====== DATASET SECTION

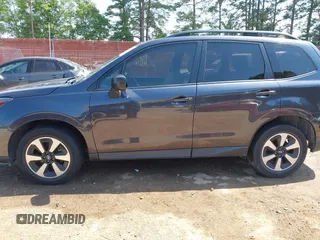 2018 Subaru Forester z VIN JF2SJABC9JH457297, wystawiony jako IAAI lot #42052293 z przebiegiem 94 058 mil mil oraz . Historia ofert i sprzedaży dostępna na DreamBid. Obrazek 14.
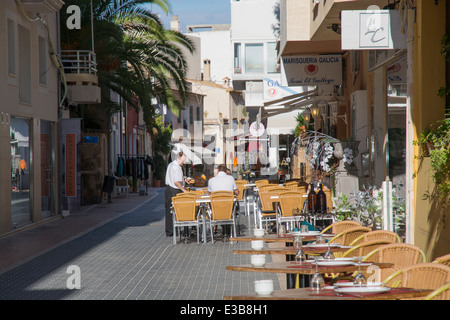 Straßenansicht in Puerto Andratx. Ein Kellner serviert ein paar Touristen im Freien im sonnigen Oktober. Stockfoto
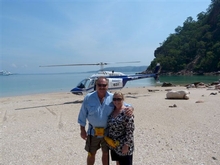 Barry and Libby Cox celebrate their 30th wedding anniversary with an ice cold bottle of Moet at Hunter Falls where they enjoyed a toast after a helicopter flight over the flights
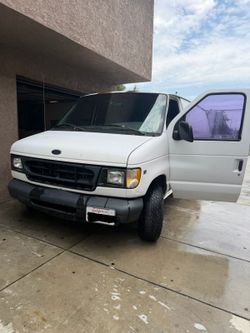 A white 1998 Ford Econoline 150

============

TASK OBJECTIVE
Starting at the line that contains "Straßenansicht in Puerto", output every line through the end of the data, both ends included, and nothing else; pictures stay out.

EXERCISE RESULT
 Straßenansicht in Puerto Andratx. Ein Kellner serviert ein paar Touristen im Freien im sonnigen Oktober. Stockfoto
 Barry and Libby Cox celebrate their 30th wedding anniversary with an ice cold bottle of Moet at Hunter Falls where they enjoyed a toast after a helicopter flight over the flights
 A white 1998 Ford Econoline 150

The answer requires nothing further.